For the CIDDS-01 dataset and the ML-based algorithms, we obtained very high accuracies. As mentioned in [12], for this particular dataset, balancing the classes or not has a very tight influence on the accuracy, which is already so high. Anyway, by a careful selection of the hyperparameters we recover results similar to the best RF-WHICD in [14] (where only two classes normal/attacker were considered) (Table 6).
5 Rules
The most accurate algorithm is the RF with 99.95% accuracy. However, it may be difficult to embed on an IoT and it lacks interpretability. The problem of extracting simple rules from a forest of decision trees has been considered in the machine learning community. The goal was to find a trade-off between the modelization power of random forests and some simple rules interpretable as in a (small) decision tree. The Skope rules Python library [19] enables us to extract such rules from a random forest. In our experiments, we took all the instances to train the model and extract the rules.
For the victim class, the skope rules are:
-
Bytes > 100
-
Duration <= 0.03749999962747097
-
Flags == ASF
And for the attacker class, the identified rules are:
-
Dst Pt <= 261
-
Duration <= 0.032500000670552254
-
Flags == APSF
With these very simple rules, we already get a global accuracy of 86.88%. Furthermore, by a simple inspection of data, we discovered that adding the instances flagged with AR (class victim) or S (class attacker) TCP flags enables us to improve the accuracy to 98.45%, with only 0.35% are miss classifications.
6 Conclusion
We have considered the problem of detecting anomalies or intrusions in IoT networks. We have first presented the context and reviewed approaches in the literature. We have focused on machine learning-based methods that can learn directly from data and find what are the important features, without resorting to specialized models of the network or specialized signatures. We have then selected a dataset of network activity with several attacks, which is regularly used to develop NIDS and as a benchmark of proposals. Using standard open-source libraries, we have implemented and evaluated several ML-based algorithms, with performances that are at the state-of-the-art. The sources are available and results easily reproducible [20].
Using and implementing such solutions in an IoT network requires to consider the possible computational overhead.

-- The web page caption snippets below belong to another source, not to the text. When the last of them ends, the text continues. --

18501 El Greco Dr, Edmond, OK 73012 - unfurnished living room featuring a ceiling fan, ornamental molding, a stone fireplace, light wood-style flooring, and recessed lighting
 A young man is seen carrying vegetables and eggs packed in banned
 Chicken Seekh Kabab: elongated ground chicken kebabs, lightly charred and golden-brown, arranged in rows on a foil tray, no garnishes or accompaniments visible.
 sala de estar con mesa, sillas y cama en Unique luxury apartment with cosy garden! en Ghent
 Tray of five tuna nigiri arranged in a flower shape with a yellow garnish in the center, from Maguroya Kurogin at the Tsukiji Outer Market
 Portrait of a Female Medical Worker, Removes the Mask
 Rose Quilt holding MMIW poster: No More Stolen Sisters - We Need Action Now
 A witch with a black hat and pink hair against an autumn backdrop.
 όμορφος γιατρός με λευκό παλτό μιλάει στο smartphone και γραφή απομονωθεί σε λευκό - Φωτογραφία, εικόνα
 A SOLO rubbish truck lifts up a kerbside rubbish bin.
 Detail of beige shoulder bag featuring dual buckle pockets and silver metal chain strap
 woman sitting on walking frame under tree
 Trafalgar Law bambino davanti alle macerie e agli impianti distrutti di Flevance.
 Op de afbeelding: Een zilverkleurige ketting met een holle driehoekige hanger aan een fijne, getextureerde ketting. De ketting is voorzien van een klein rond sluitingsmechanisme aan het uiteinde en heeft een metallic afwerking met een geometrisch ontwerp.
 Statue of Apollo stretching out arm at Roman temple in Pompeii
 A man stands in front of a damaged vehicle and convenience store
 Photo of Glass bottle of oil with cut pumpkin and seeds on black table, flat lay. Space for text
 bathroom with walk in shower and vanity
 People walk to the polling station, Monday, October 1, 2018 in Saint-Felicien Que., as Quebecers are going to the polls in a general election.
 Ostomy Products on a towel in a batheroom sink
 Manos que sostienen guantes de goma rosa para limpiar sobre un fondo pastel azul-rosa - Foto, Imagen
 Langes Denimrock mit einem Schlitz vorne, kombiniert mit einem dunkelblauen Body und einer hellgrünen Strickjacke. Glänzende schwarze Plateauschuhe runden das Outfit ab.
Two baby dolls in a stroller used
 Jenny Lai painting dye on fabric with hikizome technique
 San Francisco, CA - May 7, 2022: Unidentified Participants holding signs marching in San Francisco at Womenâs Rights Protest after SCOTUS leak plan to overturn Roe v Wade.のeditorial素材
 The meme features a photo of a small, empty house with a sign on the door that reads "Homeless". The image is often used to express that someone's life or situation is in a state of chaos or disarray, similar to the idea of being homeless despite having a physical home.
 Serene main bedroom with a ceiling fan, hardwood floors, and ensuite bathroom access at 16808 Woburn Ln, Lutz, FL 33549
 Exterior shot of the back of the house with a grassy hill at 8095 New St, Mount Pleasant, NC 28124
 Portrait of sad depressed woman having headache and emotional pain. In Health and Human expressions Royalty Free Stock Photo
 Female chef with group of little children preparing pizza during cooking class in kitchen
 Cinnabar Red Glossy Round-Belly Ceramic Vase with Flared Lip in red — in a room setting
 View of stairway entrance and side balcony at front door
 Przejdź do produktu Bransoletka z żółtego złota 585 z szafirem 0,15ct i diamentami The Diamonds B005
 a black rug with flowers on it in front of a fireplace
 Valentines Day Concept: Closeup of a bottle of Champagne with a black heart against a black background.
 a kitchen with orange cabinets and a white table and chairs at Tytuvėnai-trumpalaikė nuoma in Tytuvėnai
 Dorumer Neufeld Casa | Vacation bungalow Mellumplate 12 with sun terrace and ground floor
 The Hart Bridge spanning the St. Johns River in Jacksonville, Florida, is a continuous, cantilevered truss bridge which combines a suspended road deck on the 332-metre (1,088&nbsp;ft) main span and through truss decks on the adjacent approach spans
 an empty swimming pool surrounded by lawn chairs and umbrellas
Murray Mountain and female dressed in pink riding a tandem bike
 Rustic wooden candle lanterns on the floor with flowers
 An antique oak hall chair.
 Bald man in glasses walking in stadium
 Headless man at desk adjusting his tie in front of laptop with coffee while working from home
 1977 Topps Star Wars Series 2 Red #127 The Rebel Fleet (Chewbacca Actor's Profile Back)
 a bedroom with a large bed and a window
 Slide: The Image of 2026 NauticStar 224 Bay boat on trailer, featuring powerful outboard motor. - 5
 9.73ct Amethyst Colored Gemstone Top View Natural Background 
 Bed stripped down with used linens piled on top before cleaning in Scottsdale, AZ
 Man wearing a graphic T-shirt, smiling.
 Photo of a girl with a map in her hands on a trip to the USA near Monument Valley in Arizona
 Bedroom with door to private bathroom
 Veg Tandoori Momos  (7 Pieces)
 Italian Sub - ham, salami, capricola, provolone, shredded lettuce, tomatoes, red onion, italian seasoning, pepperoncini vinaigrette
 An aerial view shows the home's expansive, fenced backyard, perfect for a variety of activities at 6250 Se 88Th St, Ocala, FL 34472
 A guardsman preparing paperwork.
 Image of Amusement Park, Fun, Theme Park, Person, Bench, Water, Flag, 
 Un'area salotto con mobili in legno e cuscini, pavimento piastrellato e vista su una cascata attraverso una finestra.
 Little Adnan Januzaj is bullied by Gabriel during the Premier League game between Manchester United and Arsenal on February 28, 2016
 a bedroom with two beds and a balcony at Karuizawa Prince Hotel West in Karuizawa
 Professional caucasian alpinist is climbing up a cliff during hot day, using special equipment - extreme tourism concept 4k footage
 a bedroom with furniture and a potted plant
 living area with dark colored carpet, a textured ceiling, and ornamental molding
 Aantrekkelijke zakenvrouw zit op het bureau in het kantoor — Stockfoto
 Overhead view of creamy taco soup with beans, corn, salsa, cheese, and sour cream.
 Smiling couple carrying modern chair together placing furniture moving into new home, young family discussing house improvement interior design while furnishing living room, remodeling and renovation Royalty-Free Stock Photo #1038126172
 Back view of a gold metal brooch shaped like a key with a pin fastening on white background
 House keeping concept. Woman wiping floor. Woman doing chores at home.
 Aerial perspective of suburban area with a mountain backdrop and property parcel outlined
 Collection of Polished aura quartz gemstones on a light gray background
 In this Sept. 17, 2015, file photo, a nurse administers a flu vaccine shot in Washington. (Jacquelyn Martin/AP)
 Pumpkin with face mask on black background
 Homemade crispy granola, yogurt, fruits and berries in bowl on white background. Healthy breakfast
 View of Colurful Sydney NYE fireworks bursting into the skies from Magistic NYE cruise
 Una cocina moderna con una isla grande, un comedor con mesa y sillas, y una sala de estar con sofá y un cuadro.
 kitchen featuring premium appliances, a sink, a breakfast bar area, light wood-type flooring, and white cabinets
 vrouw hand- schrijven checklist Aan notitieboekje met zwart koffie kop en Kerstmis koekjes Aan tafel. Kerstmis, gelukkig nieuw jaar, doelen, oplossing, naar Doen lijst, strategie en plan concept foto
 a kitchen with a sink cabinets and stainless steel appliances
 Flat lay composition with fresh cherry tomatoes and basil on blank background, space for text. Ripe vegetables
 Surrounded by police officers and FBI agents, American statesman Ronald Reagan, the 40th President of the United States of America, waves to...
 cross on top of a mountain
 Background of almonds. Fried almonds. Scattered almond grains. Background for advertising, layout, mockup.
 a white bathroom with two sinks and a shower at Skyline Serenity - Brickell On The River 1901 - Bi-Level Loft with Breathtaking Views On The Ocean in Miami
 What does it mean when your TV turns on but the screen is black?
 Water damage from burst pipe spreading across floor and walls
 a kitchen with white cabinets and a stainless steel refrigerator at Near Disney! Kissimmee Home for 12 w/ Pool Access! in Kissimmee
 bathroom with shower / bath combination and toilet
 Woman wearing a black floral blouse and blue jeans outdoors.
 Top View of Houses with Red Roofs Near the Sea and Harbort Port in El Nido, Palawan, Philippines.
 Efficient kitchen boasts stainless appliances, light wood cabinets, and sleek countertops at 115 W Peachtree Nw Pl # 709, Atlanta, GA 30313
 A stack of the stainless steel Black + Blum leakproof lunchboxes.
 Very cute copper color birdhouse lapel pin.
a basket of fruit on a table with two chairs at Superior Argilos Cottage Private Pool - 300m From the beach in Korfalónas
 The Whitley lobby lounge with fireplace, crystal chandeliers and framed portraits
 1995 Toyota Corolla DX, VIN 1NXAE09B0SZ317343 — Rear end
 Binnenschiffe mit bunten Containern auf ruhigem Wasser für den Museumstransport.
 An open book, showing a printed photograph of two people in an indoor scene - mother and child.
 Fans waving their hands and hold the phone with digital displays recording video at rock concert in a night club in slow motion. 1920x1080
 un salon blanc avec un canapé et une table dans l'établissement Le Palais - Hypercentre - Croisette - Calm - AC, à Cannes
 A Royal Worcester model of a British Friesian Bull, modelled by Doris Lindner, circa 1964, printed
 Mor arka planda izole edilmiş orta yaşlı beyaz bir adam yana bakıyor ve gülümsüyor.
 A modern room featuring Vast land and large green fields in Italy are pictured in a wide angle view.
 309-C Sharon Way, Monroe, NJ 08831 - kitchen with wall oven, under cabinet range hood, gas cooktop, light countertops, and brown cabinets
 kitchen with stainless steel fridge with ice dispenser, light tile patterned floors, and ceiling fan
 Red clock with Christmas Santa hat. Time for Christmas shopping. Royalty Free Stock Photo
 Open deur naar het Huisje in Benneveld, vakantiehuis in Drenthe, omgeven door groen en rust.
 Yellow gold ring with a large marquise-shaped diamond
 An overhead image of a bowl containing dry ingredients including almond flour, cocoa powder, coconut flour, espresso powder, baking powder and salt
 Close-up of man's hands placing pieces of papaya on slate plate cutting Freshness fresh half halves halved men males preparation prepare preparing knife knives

For a router or network supervisor, we need a network traffic module to capture the incoming network, and the classifiers, once trained by a decision tree or a random forest, can probably be implemented. For the IoT devices themselves, where consumption and computational costs can be more severely constrained, it is possible to use a decision tree classifier (at most 20 comparison tests and a 840 lines program in Python) or even to use the very simple rules (3 tests) derived from a random forest, with a 98.5% accuracy and a low false-positive rate. Testing these ideas on real devices and real data is the objective of future efforts.
References
IoT under fire: Kaspersky detects more than 100 million attacks on smart devices in H1 (2019). https://www.kaspersky.com/about/press-releases/2019_iot-under-fire-kaspersky-detects-more-than-100-million-attacks-on-smart-devices-in-h1-2019. Accessed 29 Oct 2019
Newman, P.: IoT Report: How Internet of Things technology growth is reaching mainstream companies and consumers. Business Insider, 28 January 2019
Butun, I., Morgera, S.D., Sankar, R.: A survey of intrusion detection systems in wireless sensor networks. IEEE Commun. Surv. Tutor. 1(16), 266–282 (2014)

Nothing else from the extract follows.